The problem:
The required output is the line containing "광천김 올리브유 녹차 도시락김 5g 3봉 18팩 총54팩" through the final line of the material below, printed exactly, with no other lines.

Record set:
.....

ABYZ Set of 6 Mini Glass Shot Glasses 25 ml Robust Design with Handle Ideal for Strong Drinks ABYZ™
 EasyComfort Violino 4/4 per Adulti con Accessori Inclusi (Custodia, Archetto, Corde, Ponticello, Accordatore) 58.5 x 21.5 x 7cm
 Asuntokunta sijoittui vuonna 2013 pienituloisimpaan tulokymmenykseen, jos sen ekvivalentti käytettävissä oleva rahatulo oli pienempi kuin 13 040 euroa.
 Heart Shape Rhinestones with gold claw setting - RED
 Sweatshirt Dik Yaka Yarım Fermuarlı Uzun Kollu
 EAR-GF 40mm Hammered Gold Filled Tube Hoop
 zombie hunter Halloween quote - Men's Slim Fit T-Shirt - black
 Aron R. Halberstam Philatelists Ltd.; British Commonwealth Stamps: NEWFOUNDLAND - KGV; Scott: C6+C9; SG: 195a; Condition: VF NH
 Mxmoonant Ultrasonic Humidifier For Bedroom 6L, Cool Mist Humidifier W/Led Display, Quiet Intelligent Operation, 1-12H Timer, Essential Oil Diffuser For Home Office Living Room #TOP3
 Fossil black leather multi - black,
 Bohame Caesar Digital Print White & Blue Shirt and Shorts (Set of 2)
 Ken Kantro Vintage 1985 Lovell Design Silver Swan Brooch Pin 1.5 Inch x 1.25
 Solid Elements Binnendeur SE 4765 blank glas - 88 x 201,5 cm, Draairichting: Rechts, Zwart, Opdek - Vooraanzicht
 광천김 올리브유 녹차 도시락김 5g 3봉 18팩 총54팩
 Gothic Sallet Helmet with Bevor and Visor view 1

.....

Reply:
 광천김 올리브유 녹차 도시락김 5g 3봉 18팩 총54팩
 Gothic Sallet Helmet with Bevor and Visor view 1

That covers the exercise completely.